Welttag des Baumes

Anja Henke

Anlässlich des heutigen Welttages des Baumes haben wir mit der Leiterin des Baummanagements im Bezirksamt über den Zustand der Stadtbäume in Friedrichshain-Kreuzberg gesprochen. Anja Henke hat in Göttingen und Berlin Arboristik und Urbanes Pflanzen- und Freiraum-Management studiert. Anschließend arbeitete sie in den Bereichen Bauleitung, Baumkontrolle,
Systemadministration Baumkataster und Projektmanagement. Seit 2018 ist sie Gruppenleiterin des Baummanagements im Straßen- und Grünflächenamt.

Wie geht es den Bäumen in Friedrichshain-Kreuzberg?

Ich würde Ihnen gerne zum Tag des Baumes etwas Anderes sagen, aber unseren Bäumen im Bezirk geht es leider nicht sehr gut. Sie leiden sehr unter den klimatischen Veränderungen und der extremen Dürre der letzten Jahre. Zusätzlich sind wir der am dichtesten besiedelte Bezirk Berlins mit 7,2 Einwohnern pro öffentlichen Baum mit insgesamt knapp 40.432 Bäumen in meiner Verantwortung (Stand 04.01.2022) und der Raum für die Bäume ist sehr begrenzt.

Warum ist die Situation so dramatisch?

Die Situation ist so dramatisch, weil Bäume Langzeitstrategen sind und sich nicht schnell auf sich ändernde Bedingungen einstellen können, sowie auch wir als Verwaltung nicht Personal und Geld herbeizaubern können. Berlin hat mit Abstand die meisten Hitzetage über 30 Grad Celsius. Es mangelt zur richtigen Zeit überall an Wasser und es fehlen größere Ansätze für innerstädtische Umbauten, die es ermöglichen, das Regenwasser gezielt zu halten und zur Verfügung zu stellen.

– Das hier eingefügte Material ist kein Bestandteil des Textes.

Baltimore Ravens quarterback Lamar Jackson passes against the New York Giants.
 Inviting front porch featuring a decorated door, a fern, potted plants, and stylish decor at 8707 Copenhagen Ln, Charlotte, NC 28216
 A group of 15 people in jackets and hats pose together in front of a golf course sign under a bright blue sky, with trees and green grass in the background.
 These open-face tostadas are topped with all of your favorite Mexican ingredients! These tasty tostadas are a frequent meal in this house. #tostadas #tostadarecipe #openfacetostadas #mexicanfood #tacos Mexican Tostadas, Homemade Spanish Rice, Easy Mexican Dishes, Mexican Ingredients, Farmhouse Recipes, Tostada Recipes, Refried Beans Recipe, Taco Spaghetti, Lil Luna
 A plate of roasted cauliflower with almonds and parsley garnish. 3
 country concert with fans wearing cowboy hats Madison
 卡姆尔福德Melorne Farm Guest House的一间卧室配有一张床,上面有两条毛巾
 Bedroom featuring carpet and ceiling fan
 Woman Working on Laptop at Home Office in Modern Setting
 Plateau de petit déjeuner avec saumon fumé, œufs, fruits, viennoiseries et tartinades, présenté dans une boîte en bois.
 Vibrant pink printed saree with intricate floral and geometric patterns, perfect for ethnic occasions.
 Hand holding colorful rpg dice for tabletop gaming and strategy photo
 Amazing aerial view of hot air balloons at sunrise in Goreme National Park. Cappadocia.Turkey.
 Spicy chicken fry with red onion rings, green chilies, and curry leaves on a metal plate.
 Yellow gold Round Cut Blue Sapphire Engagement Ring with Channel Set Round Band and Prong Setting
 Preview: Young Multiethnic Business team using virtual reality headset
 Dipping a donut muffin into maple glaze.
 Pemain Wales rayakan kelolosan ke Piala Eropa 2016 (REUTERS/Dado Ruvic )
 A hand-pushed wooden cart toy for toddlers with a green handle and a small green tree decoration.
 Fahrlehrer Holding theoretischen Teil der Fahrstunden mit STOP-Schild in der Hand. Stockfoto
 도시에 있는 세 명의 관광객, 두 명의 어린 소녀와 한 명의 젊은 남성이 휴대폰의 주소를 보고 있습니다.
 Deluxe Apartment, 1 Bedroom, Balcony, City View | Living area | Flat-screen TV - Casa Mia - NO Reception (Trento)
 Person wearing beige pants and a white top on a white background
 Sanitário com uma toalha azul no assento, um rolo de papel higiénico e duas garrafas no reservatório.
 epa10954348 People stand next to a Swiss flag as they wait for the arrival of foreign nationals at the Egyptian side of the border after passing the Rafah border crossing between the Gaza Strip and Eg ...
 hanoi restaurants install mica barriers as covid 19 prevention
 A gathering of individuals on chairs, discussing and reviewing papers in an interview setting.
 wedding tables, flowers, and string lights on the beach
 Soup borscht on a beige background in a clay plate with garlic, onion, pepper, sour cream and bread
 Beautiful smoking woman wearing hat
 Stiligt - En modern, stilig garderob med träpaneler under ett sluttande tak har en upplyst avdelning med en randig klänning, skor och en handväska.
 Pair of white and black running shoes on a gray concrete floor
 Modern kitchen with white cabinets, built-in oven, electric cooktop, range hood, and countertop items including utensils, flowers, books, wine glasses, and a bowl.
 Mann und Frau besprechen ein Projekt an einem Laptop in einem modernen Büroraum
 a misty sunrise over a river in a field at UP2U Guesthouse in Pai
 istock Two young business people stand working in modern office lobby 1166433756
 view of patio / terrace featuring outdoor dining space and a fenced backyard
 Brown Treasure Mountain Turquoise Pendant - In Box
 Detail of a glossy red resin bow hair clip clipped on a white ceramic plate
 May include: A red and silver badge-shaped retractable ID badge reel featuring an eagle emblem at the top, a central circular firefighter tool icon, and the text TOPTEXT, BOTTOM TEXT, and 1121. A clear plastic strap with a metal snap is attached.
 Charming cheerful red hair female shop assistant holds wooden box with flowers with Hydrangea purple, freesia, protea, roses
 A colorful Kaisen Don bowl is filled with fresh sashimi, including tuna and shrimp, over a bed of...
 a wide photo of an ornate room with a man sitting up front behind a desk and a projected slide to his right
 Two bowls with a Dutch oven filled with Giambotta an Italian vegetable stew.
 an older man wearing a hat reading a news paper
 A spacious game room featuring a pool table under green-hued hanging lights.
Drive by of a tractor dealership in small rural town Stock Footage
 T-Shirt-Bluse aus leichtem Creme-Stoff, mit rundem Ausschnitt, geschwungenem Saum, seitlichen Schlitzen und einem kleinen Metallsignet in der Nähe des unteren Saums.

Es wird immer wieder gefordert, klimaresiliente Bäume zu pflanzen. Dabei wird der Begriff häufig falsch verwendet, weil Klimaresilienz die Widerstandsfähigkeit sozial-ökologischer Systeme gegenüber Folgen des Klimawandels beschreibt. Was wir benötigen, ist eine größere und langfristigere Sichtweise auf die aktuellen Probleme unserer Bäume UND ihrer Standorte, insbesondere ihrer Wurzeln, vor allem die Verfügbarkeit von durchwurzelbarem Raum, Wasser und Nährstoffen.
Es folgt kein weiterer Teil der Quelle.